Последний забег
Последний забег
Как же было правильно, что я облил себя кипятком! Разумеется, я снова попал в одиночку, в родную свою 3-ю камеру, где даже в разгар лета было прохладно, а весной и осенью – промозгло и холодно. Как туберкулезнику мне разрешили иметь в камере телогрейку и валенки, а днем оставляли в камере матрас и постель. По закону мне была положена двухчасовая прогулка, но я согласился на час и гулял в прогулочном дворике обе получасовые пэкатэшные смены.
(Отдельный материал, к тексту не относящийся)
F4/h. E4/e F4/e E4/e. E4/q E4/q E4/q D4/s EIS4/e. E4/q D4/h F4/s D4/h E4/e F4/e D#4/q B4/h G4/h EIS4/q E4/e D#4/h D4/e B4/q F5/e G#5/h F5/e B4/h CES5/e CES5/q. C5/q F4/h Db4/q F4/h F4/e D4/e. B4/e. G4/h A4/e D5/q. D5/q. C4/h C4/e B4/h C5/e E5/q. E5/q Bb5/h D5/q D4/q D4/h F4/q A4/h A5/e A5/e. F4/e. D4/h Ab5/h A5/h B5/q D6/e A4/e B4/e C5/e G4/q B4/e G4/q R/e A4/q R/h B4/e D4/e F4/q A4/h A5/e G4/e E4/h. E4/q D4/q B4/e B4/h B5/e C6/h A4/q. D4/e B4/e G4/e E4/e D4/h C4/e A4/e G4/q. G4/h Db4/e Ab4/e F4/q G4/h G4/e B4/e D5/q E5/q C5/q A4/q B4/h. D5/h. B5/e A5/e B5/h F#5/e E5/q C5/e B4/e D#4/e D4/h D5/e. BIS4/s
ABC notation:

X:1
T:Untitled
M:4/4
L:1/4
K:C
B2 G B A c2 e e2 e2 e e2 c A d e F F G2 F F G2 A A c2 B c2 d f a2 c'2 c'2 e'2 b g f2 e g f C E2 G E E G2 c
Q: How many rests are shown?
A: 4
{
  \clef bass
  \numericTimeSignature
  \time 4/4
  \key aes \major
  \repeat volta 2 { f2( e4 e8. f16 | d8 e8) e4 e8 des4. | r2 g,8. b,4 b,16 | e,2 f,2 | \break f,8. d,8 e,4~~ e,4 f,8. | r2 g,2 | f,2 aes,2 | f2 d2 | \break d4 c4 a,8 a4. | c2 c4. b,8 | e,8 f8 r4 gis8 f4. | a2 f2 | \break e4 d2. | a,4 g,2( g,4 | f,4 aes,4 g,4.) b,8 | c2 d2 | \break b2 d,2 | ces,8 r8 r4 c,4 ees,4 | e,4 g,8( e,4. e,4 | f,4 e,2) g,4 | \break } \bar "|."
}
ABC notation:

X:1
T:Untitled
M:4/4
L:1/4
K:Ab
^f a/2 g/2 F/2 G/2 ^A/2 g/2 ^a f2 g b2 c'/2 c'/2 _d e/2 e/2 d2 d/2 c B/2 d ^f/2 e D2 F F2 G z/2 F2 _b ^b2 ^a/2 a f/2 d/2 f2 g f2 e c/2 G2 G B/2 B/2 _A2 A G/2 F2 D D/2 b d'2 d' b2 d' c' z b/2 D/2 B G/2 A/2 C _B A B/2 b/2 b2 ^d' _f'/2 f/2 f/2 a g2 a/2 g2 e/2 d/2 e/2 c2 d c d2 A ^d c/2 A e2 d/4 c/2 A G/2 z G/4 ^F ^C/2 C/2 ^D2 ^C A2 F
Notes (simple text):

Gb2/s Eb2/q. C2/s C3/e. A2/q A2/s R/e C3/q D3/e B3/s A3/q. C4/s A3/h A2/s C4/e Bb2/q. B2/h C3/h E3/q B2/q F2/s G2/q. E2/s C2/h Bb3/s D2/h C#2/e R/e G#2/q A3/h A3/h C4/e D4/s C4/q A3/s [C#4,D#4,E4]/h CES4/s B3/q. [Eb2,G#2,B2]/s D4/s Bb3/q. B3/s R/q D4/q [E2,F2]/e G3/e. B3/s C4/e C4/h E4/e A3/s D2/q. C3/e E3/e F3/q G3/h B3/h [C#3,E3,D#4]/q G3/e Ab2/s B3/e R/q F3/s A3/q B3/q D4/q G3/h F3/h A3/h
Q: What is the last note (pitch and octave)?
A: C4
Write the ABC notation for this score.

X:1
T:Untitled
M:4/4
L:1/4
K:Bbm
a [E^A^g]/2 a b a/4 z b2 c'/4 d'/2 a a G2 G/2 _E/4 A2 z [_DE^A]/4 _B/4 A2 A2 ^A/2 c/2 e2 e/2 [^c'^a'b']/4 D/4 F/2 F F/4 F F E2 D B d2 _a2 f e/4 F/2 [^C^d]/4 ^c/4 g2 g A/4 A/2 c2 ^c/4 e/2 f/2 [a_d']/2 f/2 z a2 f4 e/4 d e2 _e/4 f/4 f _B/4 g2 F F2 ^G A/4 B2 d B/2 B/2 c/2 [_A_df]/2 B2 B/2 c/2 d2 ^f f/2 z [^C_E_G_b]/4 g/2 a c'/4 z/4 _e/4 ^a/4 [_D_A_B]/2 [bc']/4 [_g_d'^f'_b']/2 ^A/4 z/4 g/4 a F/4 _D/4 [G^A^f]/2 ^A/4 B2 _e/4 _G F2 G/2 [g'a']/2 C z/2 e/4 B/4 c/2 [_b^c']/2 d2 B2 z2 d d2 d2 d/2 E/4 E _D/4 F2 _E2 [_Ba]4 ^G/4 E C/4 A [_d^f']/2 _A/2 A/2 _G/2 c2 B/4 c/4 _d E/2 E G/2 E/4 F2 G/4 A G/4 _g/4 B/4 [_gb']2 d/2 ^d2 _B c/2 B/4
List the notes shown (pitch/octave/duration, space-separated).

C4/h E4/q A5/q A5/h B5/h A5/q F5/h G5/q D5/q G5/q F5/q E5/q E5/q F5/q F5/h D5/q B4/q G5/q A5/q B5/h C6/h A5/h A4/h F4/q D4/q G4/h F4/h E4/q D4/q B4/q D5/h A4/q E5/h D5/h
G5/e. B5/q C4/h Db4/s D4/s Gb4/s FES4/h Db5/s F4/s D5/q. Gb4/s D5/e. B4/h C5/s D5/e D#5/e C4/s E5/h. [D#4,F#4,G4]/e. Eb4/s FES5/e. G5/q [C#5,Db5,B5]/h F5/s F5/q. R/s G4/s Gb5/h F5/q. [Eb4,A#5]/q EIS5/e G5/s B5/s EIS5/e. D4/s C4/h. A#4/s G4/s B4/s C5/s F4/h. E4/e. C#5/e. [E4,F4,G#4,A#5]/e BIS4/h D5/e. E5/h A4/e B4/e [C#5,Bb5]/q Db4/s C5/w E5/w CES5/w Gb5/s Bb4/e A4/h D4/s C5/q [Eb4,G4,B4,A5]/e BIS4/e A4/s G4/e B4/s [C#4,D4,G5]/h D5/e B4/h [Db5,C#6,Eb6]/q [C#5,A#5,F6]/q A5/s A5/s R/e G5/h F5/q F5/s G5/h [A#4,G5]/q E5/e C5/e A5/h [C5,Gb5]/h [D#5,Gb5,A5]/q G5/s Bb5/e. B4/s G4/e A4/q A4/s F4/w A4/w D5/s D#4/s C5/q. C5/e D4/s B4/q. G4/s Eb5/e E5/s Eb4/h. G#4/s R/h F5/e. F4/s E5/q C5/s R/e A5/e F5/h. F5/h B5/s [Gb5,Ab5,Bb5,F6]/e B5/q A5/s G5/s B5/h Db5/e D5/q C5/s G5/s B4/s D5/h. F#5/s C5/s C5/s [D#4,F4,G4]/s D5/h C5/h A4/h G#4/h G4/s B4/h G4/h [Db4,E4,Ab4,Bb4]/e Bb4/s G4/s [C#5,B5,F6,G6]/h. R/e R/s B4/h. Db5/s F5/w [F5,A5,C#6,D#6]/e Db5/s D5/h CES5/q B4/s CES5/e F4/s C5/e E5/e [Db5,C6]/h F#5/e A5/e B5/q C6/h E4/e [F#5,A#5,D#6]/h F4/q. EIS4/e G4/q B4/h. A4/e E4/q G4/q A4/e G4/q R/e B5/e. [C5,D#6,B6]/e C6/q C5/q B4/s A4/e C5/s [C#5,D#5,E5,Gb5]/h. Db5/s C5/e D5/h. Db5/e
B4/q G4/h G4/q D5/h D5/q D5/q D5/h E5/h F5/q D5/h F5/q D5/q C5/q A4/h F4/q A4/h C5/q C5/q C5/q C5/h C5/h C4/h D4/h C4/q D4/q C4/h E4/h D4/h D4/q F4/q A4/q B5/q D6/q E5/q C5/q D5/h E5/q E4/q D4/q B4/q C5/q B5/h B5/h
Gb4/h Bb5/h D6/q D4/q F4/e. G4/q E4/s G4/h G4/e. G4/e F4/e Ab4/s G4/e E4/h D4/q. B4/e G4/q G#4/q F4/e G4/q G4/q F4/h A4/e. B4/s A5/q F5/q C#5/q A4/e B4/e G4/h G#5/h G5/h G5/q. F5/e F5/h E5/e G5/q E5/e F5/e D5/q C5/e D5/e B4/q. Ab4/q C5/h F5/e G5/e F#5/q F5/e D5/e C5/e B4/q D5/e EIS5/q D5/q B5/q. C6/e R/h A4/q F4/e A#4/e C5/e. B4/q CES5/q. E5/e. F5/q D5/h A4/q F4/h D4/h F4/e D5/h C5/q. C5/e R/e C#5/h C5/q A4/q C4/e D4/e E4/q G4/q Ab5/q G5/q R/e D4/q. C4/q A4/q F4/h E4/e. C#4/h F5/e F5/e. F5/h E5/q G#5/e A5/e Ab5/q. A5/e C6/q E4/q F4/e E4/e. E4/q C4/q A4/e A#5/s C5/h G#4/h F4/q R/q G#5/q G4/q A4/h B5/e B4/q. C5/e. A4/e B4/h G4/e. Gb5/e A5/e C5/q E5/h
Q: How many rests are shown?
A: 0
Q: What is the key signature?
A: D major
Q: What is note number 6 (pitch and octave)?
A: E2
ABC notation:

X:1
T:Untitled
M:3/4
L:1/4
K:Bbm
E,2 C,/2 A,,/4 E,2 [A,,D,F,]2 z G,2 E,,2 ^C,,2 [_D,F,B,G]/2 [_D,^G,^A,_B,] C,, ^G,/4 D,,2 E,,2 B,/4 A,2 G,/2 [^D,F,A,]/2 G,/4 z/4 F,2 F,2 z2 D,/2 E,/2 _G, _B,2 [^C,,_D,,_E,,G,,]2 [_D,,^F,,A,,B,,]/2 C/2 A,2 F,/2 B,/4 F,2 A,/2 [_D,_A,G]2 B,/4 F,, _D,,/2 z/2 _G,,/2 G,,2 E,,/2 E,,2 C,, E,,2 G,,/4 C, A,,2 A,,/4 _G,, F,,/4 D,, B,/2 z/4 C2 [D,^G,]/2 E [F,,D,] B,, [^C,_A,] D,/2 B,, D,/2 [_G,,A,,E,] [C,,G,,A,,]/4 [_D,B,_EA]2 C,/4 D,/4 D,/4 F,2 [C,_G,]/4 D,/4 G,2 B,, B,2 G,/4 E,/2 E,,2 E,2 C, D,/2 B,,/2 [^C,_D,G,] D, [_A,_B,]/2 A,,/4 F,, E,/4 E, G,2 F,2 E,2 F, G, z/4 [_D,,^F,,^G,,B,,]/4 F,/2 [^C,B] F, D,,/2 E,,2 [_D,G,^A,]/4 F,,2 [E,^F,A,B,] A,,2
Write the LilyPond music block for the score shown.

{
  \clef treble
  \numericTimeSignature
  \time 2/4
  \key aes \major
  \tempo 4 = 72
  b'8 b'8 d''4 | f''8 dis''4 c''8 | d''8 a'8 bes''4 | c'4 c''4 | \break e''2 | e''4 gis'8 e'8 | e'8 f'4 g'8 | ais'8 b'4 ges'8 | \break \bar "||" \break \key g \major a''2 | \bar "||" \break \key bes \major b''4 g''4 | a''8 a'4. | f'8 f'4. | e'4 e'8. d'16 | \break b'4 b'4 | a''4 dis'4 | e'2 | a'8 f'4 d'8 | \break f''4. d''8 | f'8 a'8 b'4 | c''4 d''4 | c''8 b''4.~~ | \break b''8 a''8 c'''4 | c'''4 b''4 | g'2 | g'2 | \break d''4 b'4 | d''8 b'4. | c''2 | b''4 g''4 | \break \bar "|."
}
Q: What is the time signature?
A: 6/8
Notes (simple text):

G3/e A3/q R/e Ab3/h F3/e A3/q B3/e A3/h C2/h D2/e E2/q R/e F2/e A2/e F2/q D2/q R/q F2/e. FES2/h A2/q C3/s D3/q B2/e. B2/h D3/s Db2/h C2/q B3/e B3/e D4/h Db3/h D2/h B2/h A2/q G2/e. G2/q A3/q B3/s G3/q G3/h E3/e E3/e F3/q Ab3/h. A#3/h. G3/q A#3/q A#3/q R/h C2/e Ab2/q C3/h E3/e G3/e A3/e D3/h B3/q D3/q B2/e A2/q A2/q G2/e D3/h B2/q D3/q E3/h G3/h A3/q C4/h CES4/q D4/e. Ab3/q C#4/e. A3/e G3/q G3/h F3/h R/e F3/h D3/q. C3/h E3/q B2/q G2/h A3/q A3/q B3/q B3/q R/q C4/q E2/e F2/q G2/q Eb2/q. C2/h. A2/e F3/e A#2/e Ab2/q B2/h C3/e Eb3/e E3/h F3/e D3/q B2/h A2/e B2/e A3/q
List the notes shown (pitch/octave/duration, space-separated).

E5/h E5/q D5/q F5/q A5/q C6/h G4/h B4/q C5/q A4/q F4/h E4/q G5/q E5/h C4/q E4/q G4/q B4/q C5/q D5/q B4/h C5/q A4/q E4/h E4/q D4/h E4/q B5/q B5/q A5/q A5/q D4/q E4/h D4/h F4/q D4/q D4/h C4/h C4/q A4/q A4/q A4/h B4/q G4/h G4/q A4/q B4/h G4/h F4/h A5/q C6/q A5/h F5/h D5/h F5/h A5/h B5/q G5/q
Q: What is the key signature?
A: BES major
Правда, в ШИЗО, куда я время от времени попадал, всех этих льгот, за исключением телогрейки, лишали.
Я много играл в шахматы, перекрикиваясь с другими камерами через дальняк, то есть через ту дырку в полу, которая служит унитазом и соединяется канализационной трубой со всеми остальными камерами.
У меня снова были книги и журналы, многокилометровые прогулки по камере, письма из дома, бумага и ручка. День был насыщен до предела.
Некоторые стихи и размышления не были предназначены для глаз начальства, и я их прятал. Кума между тем интересовали в моей камере именно бумаги и ничто другое.
Тогда мы разделили с уголовниками обязанности. В моей камере в полу был тайник, сделанный ребятами, когда они сидели в моей камере, пока я был в больнице в Табаге. Тайник не был засвечен, но пустовал. Постепенно из других камер мне передали весь инструмент, запасы чая и махорки, сувениры, ножи, деньги и всякую прочую запрещенную ерунду. Я забил этим тайник в полу и еще один сделал сам – в потолке. Теперь у меня в камере был почти весь буровский общак. Я же свои записи отдал в другую камеру, где менты на бумаги не обращали ровно никакого внимания. Это было правильное решение.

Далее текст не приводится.